DATASET EXTRACT ▸
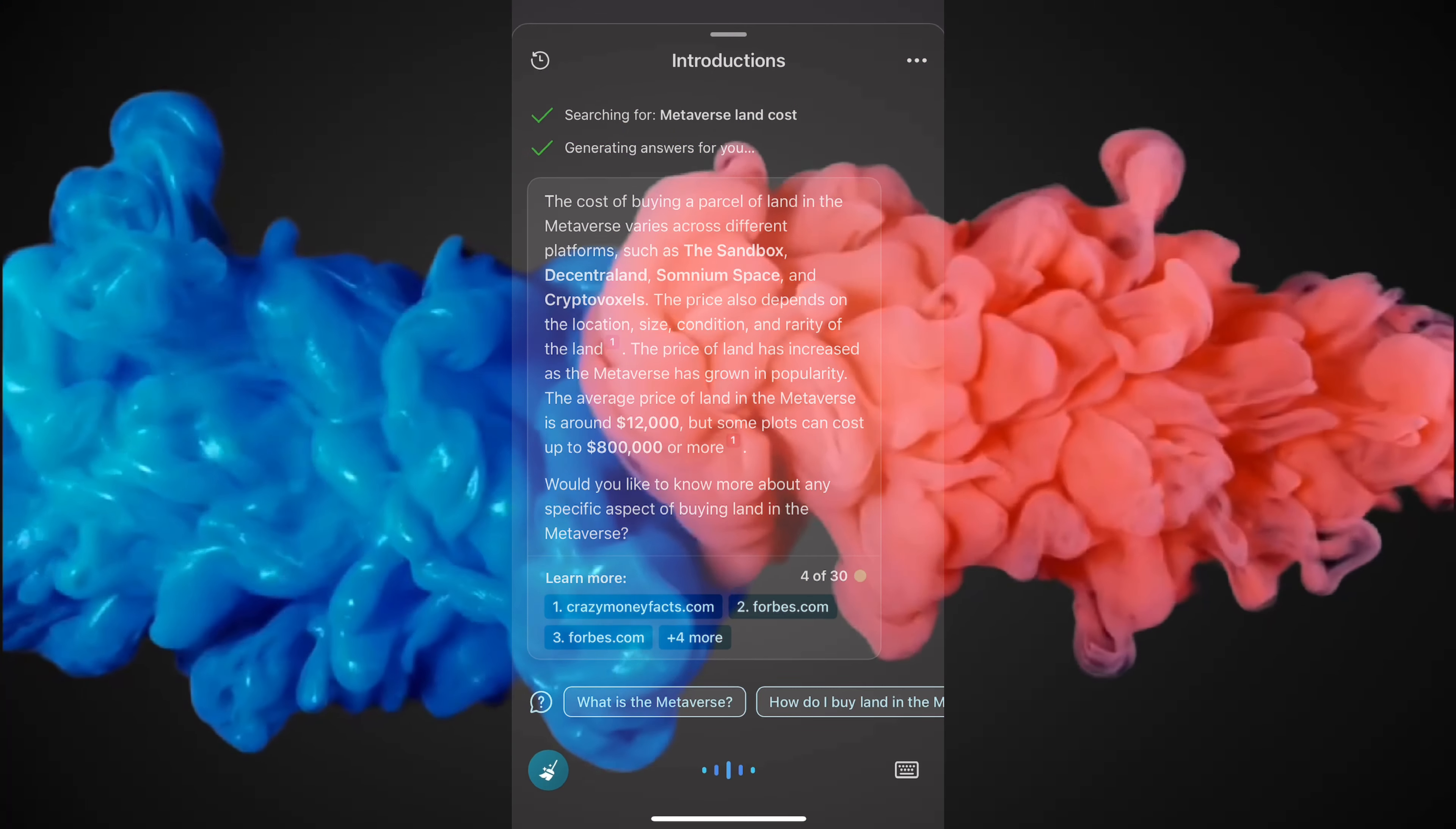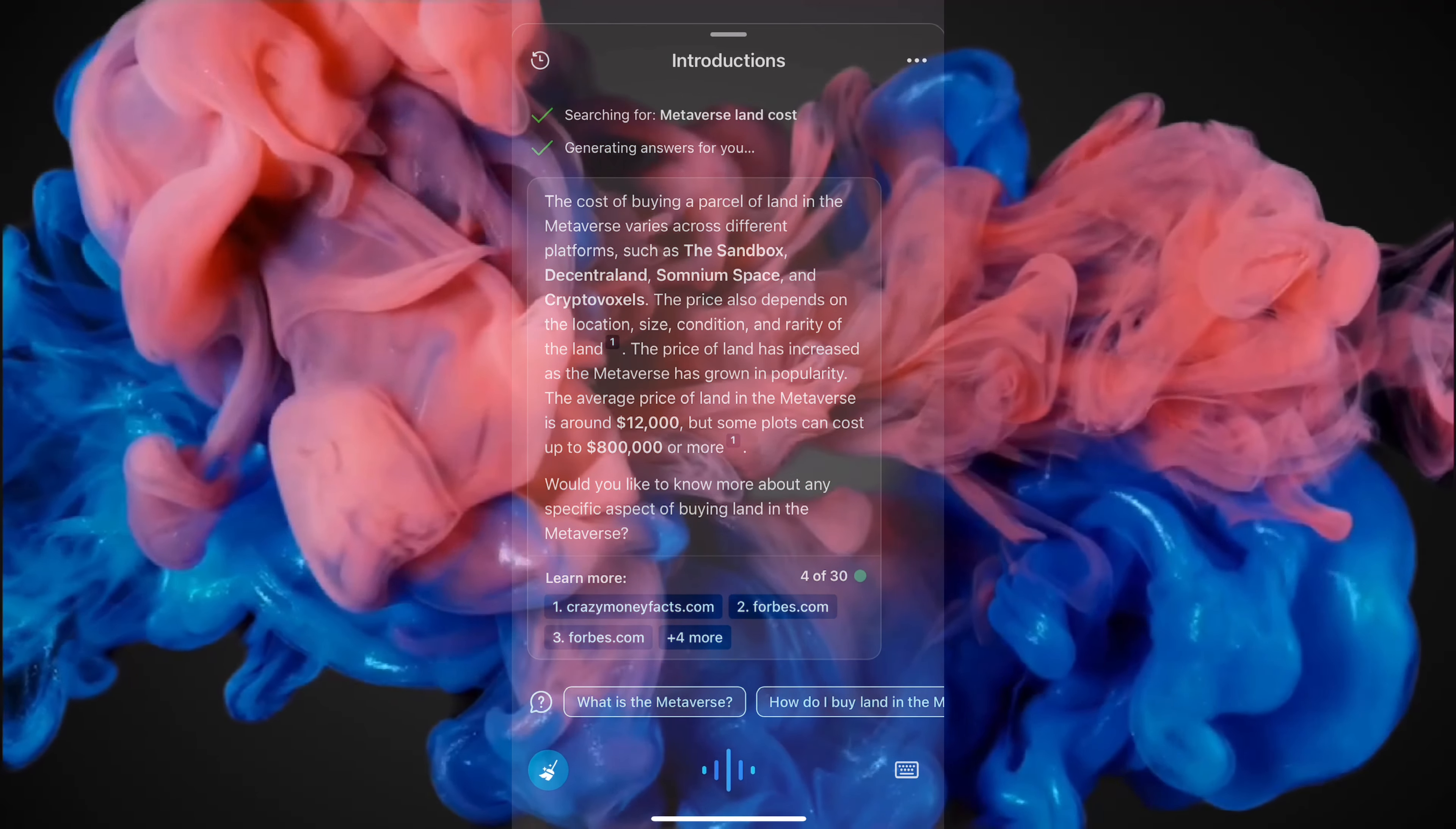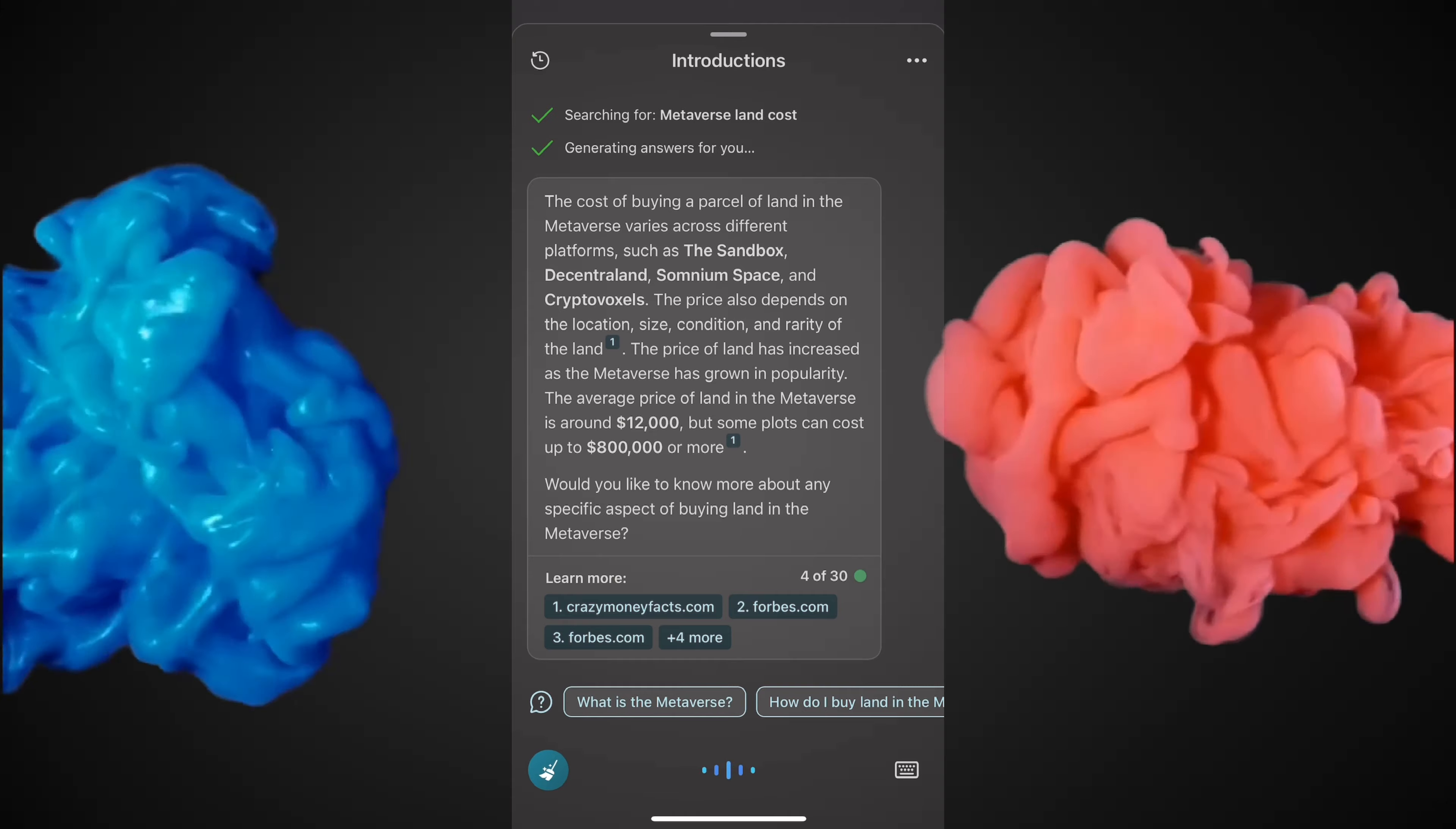The average price of land in the Metaverse is around $12,000, but some plots can cost up to $800,000 or more. Would you like to know more about any specific aspect of buying land in the Metaverse?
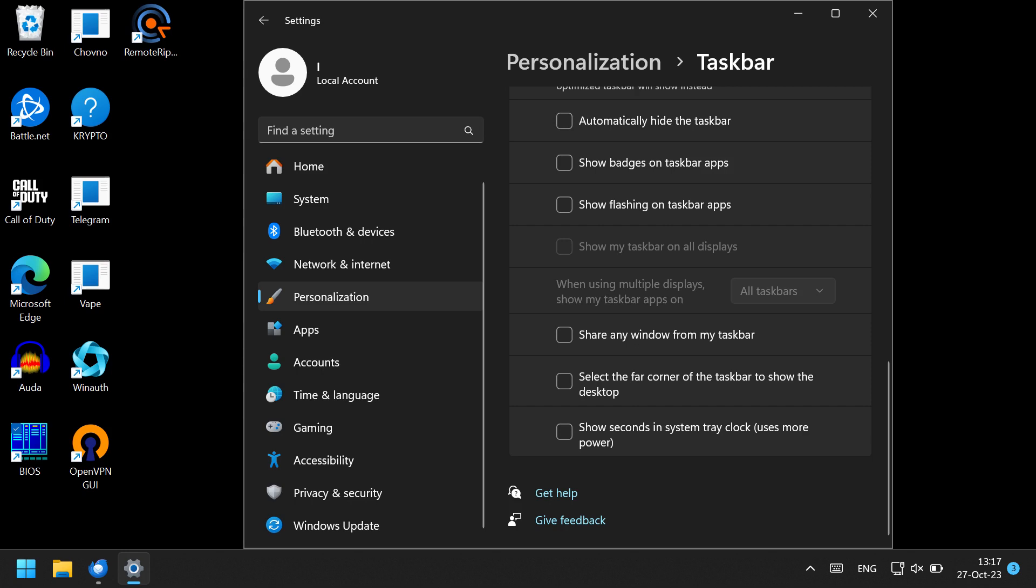Windows 11, which has been around for about two years already, doesn't have that. It only displays the icon without the name of the application and it combines all the open windows of the same application into one icon.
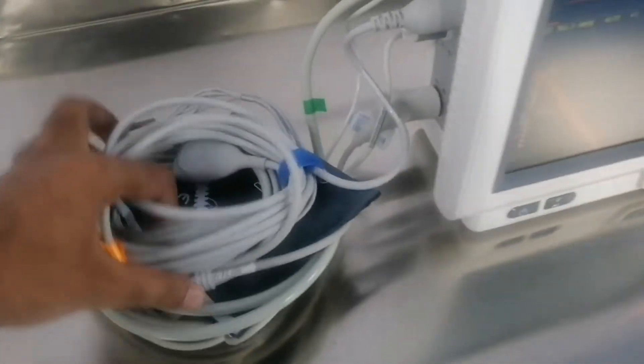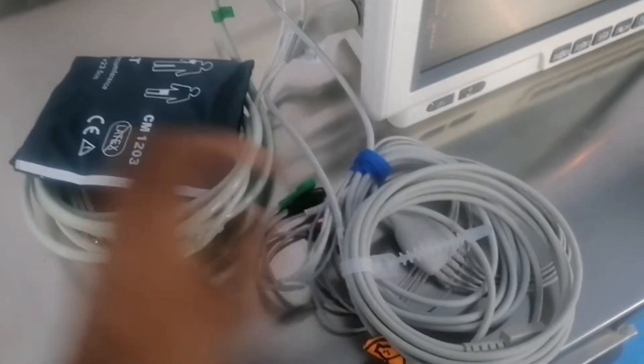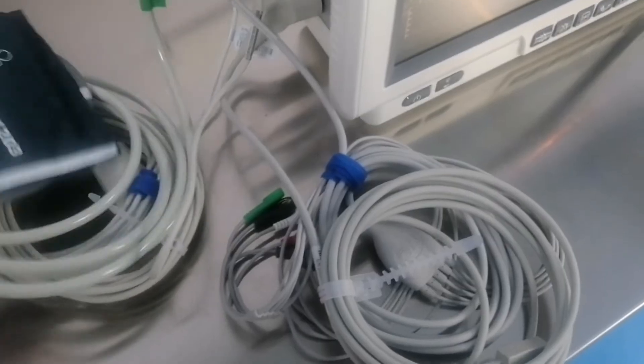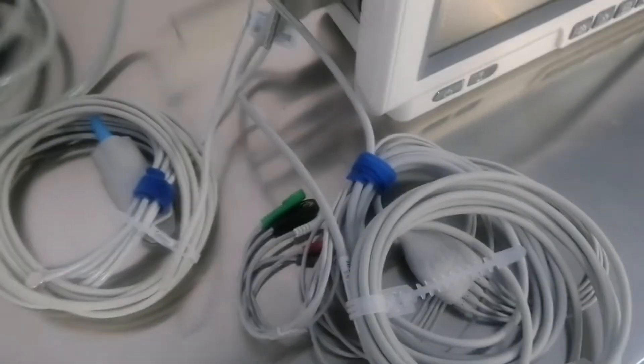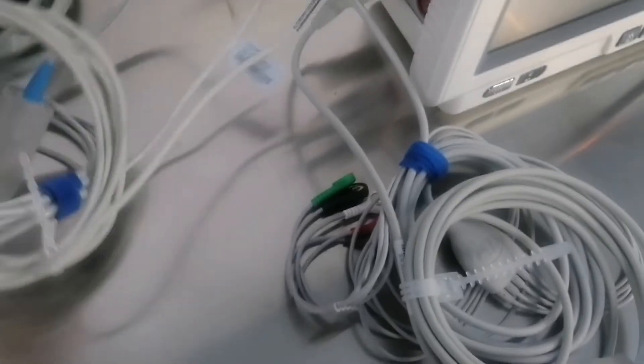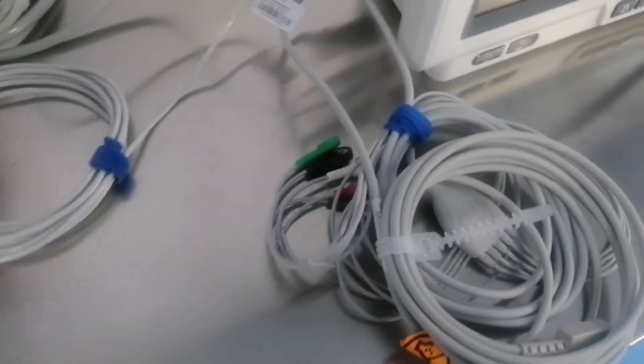So guys here are all the accessories of this monitor. Here is the ECG cable. Here is the IBP cable. Here is the NIBP and SPO2 and the temperature skin temperature probe.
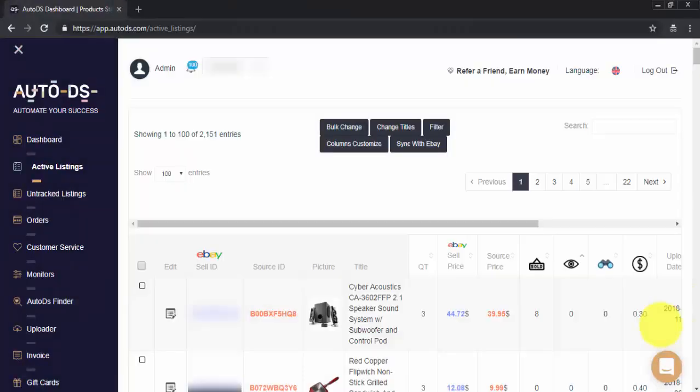Hi guys, my name is Raz with AutoDS and today we're going to show you how to do quick editing for one of your items in the Active Listings.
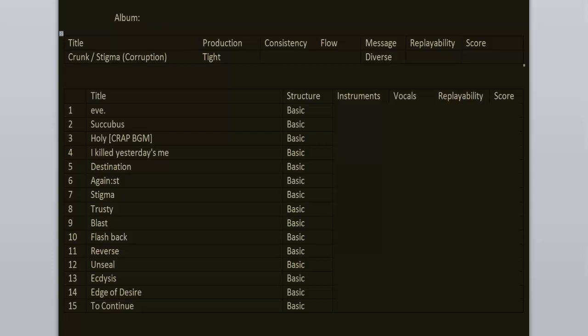Message of the tracks is diverse. There are some songs about love, romances, sex, drugs, revenge, taking control of your life. Basically each song is about a different topic. Structure of the music is pretty basic. Standard intro, verse, pre-chorus, chorus, verse, pre-chorus, chorus, breakdown or a solo or a bridge and then chorus again.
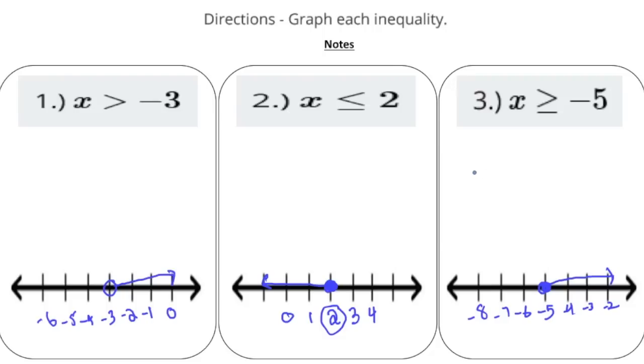Now that you understand how to graph inequalities, pause the video and try the Your Turn Now problems. When you're done, hit play and see how you did. Good luck.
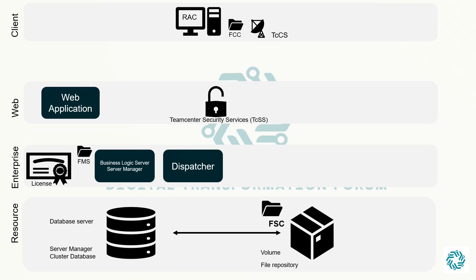Last in enterprise tier is the dispatcher component. A dispatcher server functions as an independent compute server that translates files from one format to other formats. It consists of a dispatcher scheduler, dispatcher modules, and dispatcher admin client.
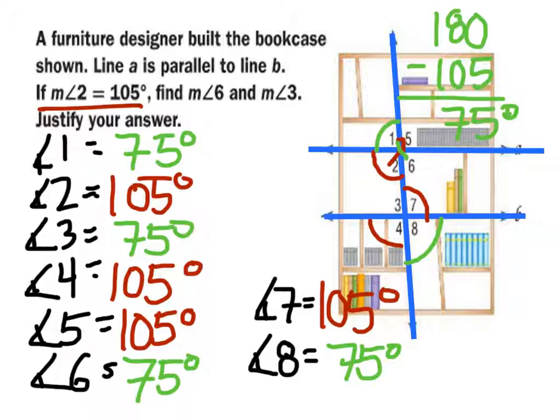With this situation, we were able to find the values of all 8 angles when all we had to start with was angle 2.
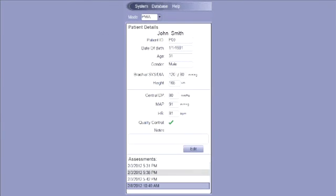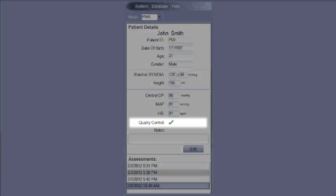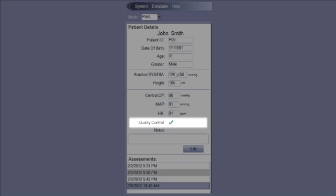Always review the quality control section of the report. If the measurement is of acceptable quality, a green check mark will be displayed. If a red cross is displayed, repeat the measurement.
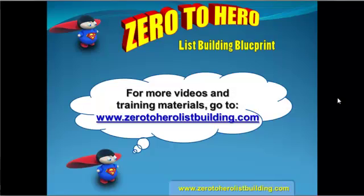If you'd like to get more videos and training materials, go to www.zerotoherolistbuilding.com. You can join my free coaching program and check out my blog where I've got lots more free resources on how to massively grow your list. See you there.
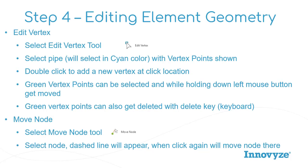If you double click on the pipe where there's not a vertex, it will add a new vertex. That new vertex is generally going to be a green color. The green vertex point can be selected, and while holding down your left mouse button, you can move that vertex point. Also, if you ever wanted to delete that vertex point, you can delete the green one by just using the delete key on your keyboard to do that. Then it'll select the next nearest vertex point, which you can either move or delete as needed.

WORK TO BE COMPLETED ▸ What do the entries above read from the line containing "Now that you" through the line containing "If you'd like"? Output those lines exactly, both ends included, with the pictures left out.

RESULT FOR THIS TASK ▸
Now that you understand how to graph inequalities, pause the video and try the Your Turn Now problems. When you're done, hit play and see how you did. Good luck.
Last in enterprise tier is the dispatcher component. A dispatcher server functions as an independent compute server that translates files from one format to other formats. It consists of a dispatcher scheduler, dispatcher modules, and dispatcher admin client.
With this situation, we were able to find the values of all 8 angles when all we had to start with was angle 2.
Always review the quality control section of the report. If the measurement is of acceptable quality, a green check mark will be displayed. If a red cross is displayed, repeat the measurement.
If you'd like to get more videos and training materials, go to www.zerotoherolistbuilding.com. You can join my free coaching program and check out my blog where I've got lots more free resources on how to massively grow your list. See you there.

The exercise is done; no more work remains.